あんまり触れられたくはなかったけど、やっぱり気になっちゃうよね……。






「振られちゃったんだよね、あの時。それで耐え切れなくて泣いちゃってたの。情けないよね」





あははーって軽く流そうとすると




「情けなくはないでしょ。そんだけ好きだったってことじゃないですか。素敵だと思いますよ」





てっきり流されるか馬鹿にされるかだと思っていたから、そう言ってくれる彼の言葉が心に刺さった。

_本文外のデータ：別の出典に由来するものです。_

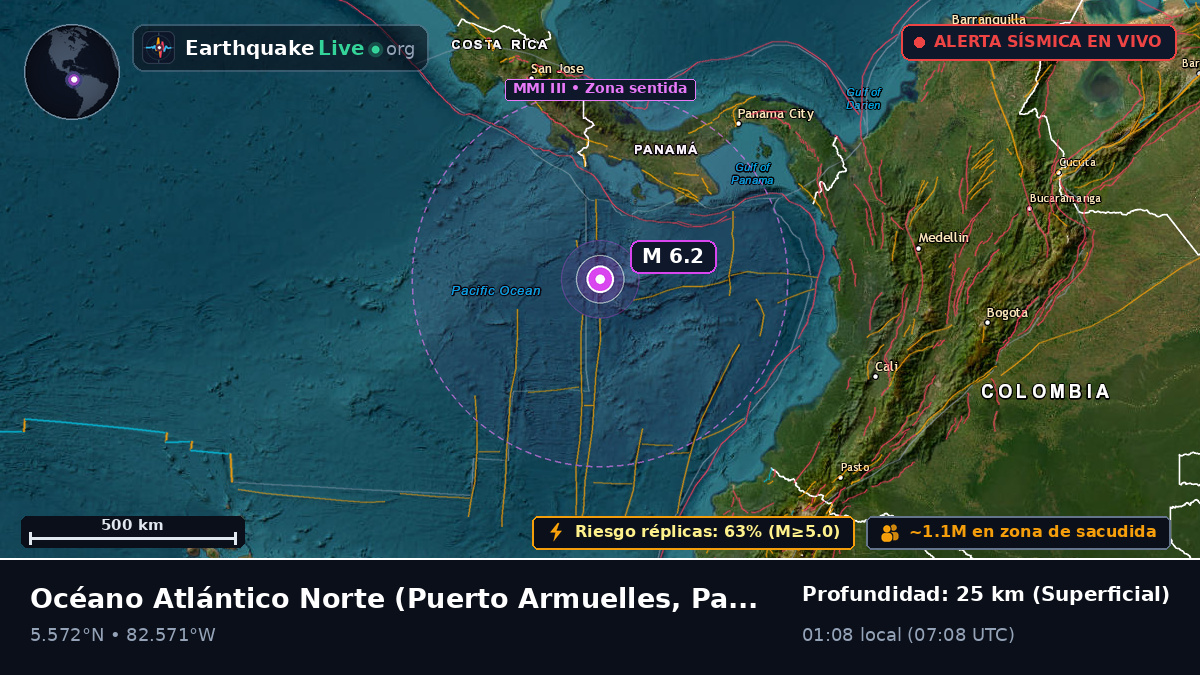 Océano Atlántico Norte (Panamá)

「でもそれだけ好きだったのに振られちゃったんだよ。しかも子供っぽいって理由でね」






「それでこの前子供っぽいとかなんとか言ってたんですね」





もーなんでそんな事まで覚えてんのよ。
恥ずかしいじゃん。



そんなことを思っていると
「まぁ子供っぽい先輩も可愛いと思いますけどね」
と彼は付け加えたように言った。





さらっと言われた言葉に心が揺れる。




冗談なのか本気なのか分からない。






「もー、年下がそんなこと言わないの!」



真に受けちゃう前に流さなきゃ。





「だから余計にですよ。俺、年下で後輩ですけど、先輩のこともっと知りたいです」






流さなきゃ。流さなきゃなのに意に反して言葉は何も出てこなかった。



少し顔を赤らめる私を置いて彼は「お疲れ様です」と言って帰ってしまった。